During NATO’s 1999 bombing of Yugoslavia, U.S. missiles killed three Chinese journalists in a strike that the White House later called a mistake and blamed on faulty maps. That event sparked widespread anti-US protests across China and cemented Beijing’s distrust of US-led groups such as the North Atlantic Treaty Organization.

Xi’s visit to Serbia, exactly a quarter of a century after the attack, is part of a three-stage trip that includes stops in France and Hungary. The Chinese leader is trying to convince European nations that his country’s massive economy is too big to abandon, as Brussels launches a series of trade investigations and sides with Washington on concerns about China’s overcapacity and risks for national security.

Adding to the political theater, Xi will be in Europe on the same day that Russian President Vladimir Putin takes office for his fifth term, as concern grows in Western Europe over his war in Ukraine.

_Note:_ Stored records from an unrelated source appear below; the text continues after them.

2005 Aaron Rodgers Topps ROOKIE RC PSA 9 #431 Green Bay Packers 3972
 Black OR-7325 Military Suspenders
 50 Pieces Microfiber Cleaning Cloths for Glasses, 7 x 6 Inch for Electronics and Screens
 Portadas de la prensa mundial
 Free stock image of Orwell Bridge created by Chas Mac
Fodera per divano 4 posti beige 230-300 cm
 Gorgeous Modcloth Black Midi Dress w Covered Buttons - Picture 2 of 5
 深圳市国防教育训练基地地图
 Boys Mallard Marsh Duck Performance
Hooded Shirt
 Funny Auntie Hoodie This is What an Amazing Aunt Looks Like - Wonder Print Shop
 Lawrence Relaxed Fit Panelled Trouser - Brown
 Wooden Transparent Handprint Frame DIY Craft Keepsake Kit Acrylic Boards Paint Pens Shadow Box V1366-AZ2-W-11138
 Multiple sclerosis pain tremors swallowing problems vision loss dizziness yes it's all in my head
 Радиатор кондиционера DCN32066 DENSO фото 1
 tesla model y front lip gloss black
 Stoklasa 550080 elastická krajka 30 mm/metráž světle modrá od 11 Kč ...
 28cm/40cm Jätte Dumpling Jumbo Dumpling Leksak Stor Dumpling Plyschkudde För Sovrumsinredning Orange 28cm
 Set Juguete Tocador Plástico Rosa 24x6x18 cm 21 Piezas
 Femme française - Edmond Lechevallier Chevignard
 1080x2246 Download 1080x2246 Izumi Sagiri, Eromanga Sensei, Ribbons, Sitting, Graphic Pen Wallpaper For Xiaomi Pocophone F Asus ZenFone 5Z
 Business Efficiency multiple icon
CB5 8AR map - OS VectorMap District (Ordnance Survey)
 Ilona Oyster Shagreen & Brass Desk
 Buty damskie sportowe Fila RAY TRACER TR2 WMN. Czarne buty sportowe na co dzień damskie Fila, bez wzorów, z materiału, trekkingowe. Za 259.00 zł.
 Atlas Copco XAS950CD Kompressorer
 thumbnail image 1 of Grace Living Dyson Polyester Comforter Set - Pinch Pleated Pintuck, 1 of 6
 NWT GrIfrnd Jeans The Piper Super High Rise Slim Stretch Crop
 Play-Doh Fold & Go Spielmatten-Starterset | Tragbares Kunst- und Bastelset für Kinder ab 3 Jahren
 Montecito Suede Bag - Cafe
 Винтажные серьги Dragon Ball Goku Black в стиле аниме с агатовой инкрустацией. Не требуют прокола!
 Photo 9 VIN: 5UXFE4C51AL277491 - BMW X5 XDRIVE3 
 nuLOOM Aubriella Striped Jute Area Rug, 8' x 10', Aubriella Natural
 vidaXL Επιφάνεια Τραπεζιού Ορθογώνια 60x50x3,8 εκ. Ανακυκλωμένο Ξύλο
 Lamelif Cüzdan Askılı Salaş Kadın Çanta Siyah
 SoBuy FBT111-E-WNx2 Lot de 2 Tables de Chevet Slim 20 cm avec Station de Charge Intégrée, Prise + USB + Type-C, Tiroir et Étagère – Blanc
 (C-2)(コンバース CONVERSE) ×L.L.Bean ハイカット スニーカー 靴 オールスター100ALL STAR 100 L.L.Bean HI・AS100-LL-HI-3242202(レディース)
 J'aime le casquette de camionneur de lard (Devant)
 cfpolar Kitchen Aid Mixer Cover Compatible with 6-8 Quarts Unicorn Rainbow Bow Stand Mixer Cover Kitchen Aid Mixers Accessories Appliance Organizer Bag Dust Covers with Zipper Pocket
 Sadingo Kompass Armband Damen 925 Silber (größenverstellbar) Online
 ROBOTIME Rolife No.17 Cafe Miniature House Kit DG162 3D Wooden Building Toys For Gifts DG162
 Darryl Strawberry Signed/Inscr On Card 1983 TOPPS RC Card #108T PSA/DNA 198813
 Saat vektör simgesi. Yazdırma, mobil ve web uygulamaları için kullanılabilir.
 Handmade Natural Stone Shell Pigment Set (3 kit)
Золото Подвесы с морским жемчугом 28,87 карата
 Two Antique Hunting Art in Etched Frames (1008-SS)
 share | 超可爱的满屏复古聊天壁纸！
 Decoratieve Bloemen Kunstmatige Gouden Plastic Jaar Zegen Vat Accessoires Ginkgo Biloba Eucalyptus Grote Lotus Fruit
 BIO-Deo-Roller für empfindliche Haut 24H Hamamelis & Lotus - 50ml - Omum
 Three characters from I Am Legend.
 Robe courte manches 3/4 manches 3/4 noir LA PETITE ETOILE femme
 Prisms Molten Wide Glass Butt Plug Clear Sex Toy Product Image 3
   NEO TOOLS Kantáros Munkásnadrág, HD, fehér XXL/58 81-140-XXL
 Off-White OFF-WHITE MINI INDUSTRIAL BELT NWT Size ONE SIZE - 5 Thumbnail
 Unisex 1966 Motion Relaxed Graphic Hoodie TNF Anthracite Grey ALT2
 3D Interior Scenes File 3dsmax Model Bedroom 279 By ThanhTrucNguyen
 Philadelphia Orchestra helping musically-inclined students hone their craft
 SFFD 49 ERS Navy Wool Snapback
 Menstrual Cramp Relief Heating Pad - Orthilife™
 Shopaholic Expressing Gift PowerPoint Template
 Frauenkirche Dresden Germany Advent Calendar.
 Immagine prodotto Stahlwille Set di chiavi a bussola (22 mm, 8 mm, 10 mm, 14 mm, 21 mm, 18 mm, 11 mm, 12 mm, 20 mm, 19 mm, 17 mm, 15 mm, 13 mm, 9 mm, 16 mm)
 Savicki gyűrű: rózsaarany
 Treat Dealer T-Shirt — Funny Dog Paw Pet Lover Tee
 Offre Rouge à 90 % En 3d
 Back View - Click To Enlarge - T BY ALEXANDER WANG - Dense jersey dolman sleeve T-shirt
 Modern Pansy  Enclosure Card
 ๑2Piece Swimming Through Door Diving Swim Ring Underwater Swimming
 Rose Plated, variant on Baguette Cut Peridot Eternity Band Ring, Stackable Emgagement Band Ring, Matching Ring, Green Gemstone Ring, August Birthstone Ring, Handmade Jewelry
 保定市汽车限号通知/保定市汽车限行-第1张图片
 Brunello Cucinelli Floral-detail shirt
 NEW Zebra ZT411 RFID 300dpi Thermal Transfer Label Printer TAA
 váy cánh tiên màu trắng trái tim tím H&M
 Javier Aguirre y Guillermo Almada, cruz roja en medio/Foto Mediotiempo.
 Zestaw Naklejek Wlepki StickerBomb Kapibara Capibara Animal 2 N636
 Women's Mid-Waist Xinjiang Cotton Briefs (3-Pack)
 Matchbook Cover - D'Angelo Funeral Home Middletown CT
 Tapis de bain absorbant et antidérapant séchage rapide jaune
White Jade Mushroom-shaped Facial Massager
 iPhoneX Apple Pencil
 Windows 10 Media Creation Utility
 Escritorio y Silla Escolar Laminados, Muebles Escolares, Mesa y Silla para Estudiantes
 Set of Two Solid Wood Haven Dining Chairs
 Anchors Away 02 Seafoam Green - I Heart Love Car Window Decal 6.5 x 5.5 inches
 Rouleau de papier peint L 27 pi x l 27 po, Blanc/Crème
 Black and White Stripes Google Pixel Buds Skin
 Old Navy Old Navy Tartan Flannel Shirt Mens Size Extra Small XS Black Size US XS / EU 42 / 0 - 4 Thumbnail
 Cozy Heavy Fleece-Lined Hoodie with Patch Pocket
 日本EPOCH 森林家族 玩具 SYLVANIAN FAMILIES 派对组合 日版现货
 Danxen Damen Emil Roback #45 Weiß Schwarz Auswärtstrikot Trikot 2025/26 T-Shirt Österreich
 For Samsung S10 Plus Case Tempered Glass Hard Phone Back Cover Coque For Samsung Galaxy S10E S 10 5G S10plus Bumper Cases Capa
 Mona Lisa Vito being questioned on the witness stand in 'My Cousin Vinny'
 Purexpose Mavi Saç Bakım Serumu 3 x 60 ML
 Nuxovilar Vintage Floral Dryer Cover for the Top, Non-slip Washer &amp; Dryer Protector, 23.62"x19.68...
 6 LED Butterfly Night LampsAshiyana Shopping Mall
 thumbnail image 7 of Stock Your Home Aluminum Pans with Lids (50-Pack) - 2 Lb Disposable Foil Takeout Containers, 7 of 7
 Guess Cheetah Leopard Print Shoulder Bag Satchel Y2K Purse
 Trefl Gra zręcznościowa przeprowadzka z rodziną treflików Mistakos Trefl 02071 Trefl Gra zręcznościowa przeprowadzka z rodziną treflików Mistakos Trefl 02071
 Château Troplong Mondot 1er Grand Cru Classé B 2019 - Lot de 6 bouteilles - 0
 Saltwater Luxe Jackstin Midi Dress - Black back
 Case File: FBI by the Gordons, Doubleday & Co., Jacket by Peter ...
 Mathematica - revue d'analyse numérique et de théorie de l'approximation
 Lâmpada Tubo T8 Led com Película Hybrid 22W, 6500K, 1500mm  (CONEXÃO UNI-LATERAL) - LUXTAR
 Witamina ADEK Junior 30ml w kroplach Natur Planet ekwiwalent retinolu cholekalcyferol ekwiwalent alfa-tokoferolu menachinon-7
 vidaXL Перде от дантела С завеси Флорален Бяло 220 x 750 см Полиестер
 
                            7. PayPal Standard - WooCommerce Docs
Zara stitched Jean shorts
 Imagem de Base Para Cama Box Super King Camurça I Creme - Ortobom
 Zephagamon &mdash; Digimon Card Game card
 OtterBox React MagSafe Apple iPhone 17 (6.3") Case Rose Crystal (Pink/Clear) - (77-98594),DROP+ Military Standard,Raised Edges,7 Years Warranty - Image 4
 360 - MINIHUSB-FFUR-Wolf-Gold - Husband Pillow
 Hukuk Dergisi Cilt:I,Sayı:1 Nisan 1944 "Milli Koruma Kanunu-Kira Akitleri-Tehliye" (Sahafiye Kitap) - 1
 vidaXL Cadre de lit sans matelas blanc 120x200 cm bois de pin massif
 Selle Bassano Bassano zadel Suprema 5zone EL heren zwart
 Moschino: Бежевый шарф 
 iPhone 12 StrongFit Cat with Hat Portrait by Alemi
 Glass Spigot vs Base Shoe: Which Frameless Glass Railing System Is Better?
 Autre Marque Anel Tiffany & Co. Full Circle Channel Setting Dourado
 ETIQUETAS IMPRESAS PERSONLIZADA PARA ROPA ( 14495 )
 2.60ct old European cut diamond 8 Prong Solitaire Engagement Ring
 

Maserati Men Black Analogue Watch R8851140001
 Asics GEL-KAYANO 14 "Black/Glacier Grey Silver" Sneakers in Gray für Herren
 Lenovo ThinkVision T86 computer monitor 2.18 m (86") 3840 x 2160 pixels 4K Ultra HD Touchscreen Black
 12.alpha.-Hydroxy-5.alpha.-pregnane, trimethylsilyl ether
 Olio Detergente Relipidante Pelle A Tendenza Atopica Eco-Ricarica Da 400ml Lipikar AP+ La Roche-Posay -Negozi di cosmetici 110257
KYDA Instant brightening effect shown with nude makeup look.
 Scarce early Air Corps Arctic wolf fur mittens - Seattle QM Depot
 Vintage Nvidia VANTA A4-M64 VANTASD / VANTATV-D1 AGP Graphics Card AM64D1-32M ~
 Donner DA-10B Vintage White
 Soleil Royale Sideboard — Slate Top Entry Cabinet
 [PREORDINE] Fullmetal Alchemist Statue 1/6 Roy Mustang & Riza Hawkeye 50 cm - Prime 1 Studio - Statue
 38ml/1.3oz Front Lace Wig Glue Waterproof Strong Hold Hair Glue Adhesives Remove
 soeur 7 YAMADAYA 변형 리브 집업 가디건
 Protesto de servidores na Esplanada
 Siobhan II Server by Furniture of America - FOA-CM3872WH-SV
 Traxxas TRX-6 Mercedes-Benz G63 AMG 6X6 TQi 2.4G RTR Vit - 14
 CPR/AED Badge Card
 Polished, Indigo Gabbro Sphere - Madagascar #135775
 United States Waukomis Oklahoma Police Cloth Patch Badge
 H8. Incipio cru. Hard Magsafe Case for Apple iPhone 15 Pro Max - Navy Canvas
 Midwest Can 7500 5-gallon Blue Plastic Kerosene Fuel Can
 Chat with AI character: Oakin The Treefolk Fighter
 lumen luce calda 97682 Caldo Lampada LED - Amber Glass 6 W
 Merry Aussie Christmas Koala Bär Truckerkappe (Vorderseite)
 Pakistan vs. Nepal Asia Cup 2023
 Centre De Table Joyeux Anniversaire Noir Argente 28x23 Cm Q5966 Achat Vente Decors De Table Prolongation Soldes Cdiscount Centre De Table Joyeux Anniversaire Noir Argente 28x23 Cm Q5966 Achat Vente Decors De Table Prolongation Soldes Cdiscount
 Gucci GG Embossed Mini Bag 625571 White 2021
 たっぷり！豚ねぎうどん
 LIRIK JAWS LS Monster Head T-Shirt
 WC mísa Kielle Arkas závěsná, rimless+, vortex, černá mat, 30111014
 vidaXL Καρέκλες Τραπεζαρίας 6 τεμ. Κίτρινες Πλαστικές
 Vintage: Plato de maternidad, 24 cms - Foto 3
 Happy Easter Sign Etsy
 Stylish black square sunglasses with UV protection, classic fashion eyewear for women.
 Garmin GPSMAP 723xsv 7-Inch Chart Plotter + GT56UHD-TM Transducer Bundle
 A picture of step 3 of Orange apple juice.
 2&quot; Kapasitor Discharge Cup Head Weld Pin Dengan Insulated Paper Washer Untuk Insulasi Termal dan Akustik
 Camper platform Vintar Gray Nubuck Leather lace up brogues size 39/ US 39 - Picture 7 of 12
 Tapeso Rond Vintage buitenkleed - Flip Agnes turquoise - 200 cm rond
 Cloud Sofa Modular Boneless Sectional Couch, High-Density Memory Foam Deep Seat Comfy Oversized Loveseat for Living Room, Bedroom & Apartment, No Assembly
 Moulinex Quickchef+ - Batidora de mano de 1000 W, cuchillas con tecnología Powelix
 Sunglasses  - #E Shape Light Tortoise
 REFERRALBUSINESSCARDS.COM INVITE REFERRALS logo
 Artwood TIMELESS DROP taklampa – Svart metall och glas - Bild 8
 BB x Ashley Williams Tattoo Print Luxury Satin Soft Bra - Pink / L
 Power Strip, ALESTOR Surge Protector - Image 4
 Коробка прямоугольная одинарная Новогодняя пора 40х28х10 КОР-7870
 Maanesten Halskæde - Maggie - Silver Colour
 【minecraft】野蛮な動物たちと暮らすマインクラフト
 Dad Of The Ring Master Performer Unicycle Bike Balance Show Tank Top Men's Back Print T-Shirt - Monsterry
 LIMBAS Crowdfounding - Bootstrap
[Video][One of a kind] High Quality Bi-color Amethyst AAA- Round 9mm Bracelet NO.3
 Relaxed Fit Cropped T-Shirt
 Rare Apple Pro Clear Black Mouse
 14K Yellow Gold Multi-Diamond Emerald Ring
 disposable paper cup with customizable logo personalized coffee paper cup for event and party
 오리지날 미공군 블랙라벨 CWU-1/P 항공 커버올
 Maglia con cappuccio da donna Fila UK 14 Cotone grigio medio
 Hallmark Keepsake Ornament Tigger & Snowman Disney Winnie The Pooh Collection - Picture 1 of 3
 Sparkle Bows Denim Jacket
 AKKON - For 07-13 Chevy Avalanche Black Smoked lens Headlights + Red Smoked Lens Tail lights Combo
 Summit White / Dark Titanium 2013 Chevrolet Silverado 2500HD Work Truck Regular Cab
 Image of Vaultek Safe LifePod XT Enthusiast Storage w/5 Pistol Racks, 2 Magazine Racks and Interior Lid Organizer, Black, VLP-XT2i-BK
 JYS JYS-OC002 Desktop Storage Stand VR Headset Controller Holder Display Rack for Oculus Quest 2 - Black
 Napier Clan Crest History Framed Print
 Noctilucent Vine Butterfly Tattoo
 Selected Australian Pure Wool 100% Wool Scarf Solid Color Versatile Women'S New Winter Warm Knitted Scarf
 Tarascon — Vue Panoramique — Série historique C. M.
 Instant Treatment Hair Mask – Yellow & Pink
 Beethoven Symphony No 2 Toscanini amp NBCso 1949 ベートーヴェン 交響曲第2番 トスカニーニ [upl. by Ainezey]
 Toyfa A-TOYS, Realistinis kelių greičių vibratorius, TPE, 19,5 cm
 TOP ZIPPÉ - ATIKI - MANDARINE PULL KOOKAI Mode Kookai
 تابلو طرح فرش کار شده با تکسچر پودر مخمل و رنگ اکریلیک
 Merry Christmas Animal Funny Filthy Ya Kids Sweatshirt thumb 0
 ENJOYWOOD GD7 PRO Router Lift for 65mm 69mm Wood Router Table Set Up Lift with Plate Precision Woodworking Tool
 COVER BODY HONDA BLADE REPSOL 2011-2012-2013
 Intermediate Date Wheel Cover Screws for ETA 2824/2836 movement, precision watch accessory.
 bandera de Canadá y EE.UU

Xi’s criticism of NATO helps explain his government’s logic for supporting the Kremlin following its invasion. Chinese officials have repeatedly referred to the bombing of Belgrade in recent years, while Beijing has signaled solidarity with Russia’s position that NATO aggression on its borders necessitated war.

US and European leaders have urged Xi to use his relationship with Putin to end what German Chancellor Olaf Scholz recently called an “insane” war during a trip to Beijing.

Xi told his French counterpart in Paris on Monday that he opposes the war in Ukraine “being used to assign responsibility to a third country, tarnish its image and incite a new Cold War.” President Emmanuel Macron reiterated that there can be no security in Europe without security in Ukraine.

Ties between China and non-EU member Serbia have strengthened under Xi, even as Beijing’s broader relationship with Europe frays over human rights issues and trade disputes.

In the Politika article, Xi wrote that the friendship between Beijing and Belgrade was “forged with the blood of our compatriots” but would only “grow tall and robust.”